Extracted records

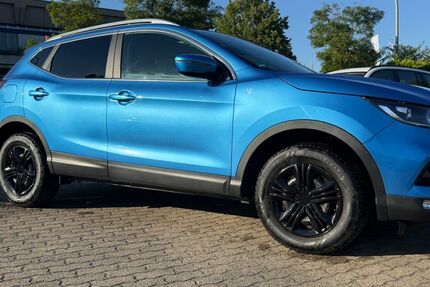 Nissan Qashqai 149.989 km 8.888 &euro; Hanau 63452
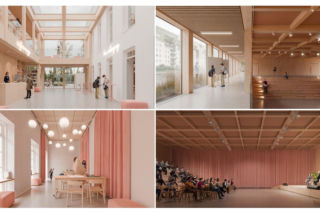 RIL STUDIO Biuro architektoniczne Hubert Różewicz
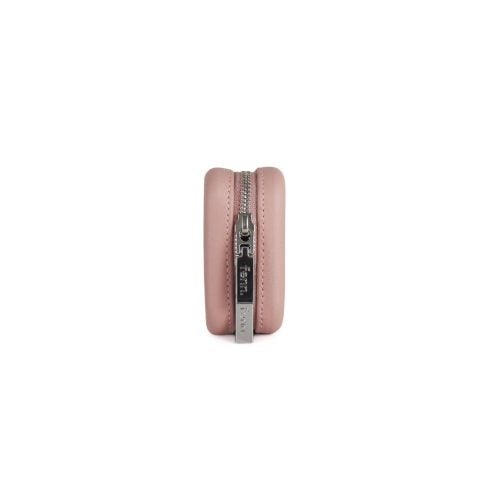 Fenn H014-14 Pink Wallet Zipper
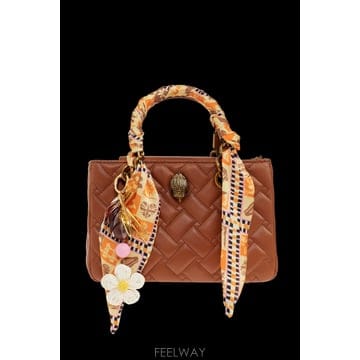 | Other Brand | 26SS KURT GEIGER �ڵ�� SQ Kensington SQKENSINGTON0TANCOMBLEATH26SS KURT GEIGER �ڵ�� SQ Kensington SQKENSINGTON0TAN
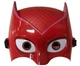 Игровой Набор PJ Masks Маска Алетт ( светящиеся глаза) + 3 Фигурки Героев " Герои в масках " - изображение 2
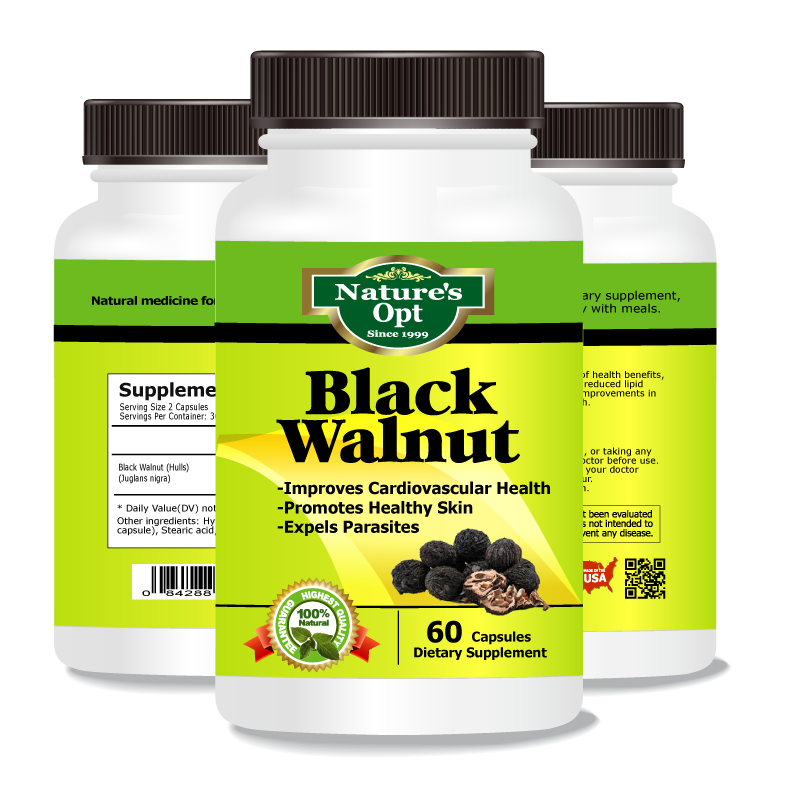 Black Walnut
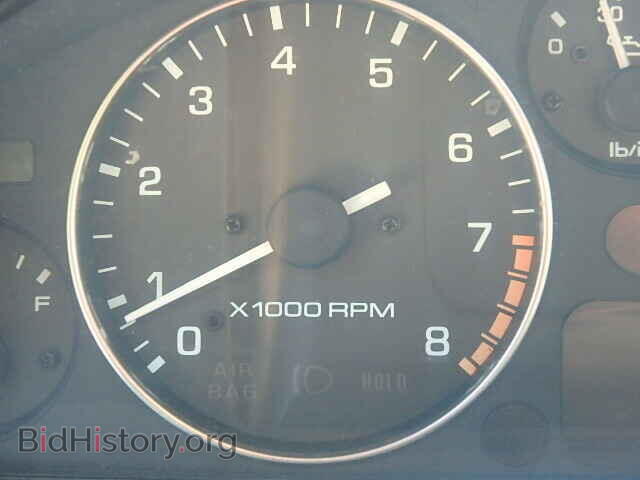 1994 MAZDA MIATA - VIN: JM1NA3532R0506885 - Фото 9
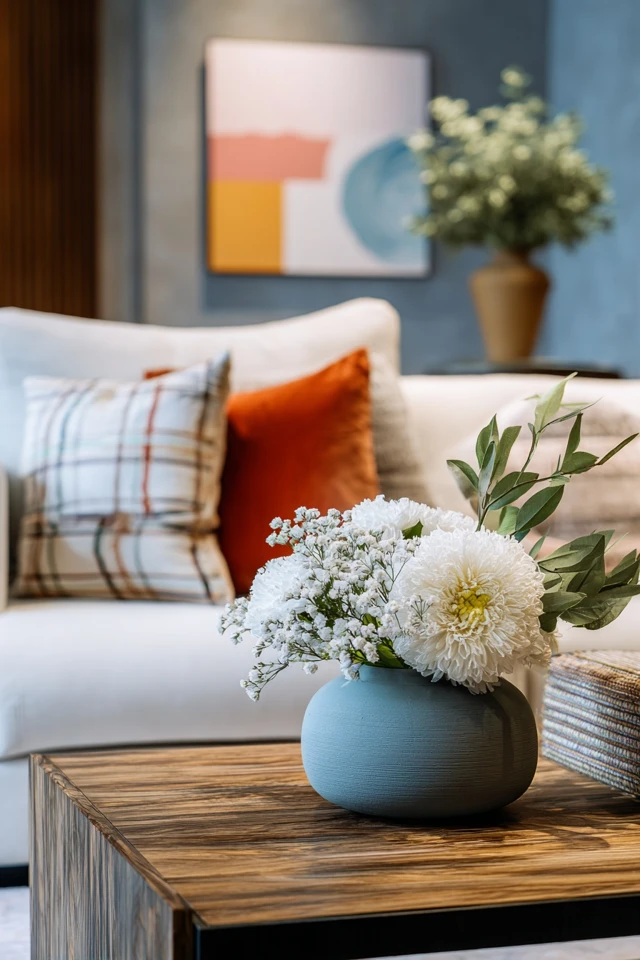 Apartment Living Room Ideas Aesthetic: Create a Look You’ll Love - photo 3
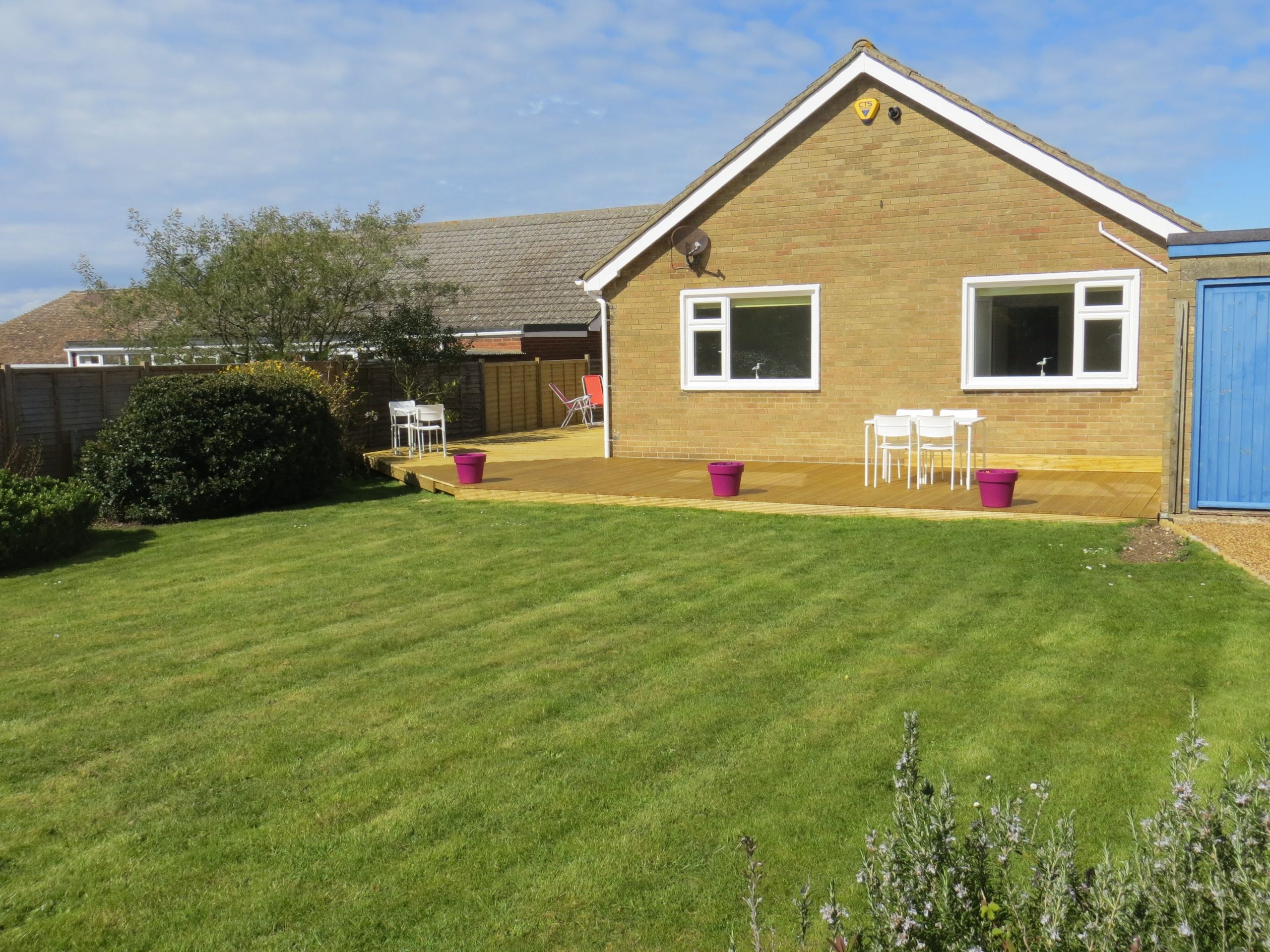 holiday home for sale norfolk
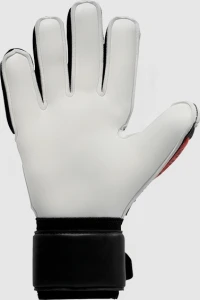 Вратарские перчатки Uhlsport CLASSIC ABSOLUTGRIP черно-красно-белые 1011321 01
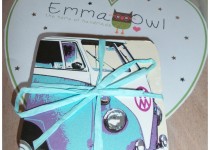 coasters-camper-van-blue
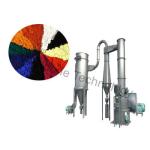 5000KGS/H Fast Speed CS Industrial Flash Dryer Equipment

• **What is required**
Once the pictures are set aside, output all of the data above verbatim.

• **Answer for the task**
 Nissan Qashqai 149.989 km 8.888 &euro; Hanau 63452
 RIL STUDIO Biuro architektoniczne Hubert Różewicz
 Fenn H014-14 Pink Wallet Zipper
 | Other Brand | 26SS KURT GEIGER �ڵ�� SQ Kensington SQKENSINGTON0TANCOMBLEATH26SS KURT GEIGER �ڵ�� SQ Kensington SQKENSINGTON0TAN
 Игровой Набор PJ Masks Маска Алетт ( светящиеся глаза) + 3 Фигурки Героев " Герои в масках " - изображение 2
 Black Walnut
 1994 MAZDA MIATA - VIN: JM1NA3532R0506885 - Фото 9
 Apartment Living Room Ideas Aesthetic: Create a Look You’ll Love - photo 3
 holiday home for sale norfolk
 Вратарские перчатки Uhlsport CLASSIC ABSOLUTGRIP черно-красно-белые 1011321 01
 coasters-camper-van-blue
 5000KGS/H Fast Speed CS Industrial Flash Dryer Equipment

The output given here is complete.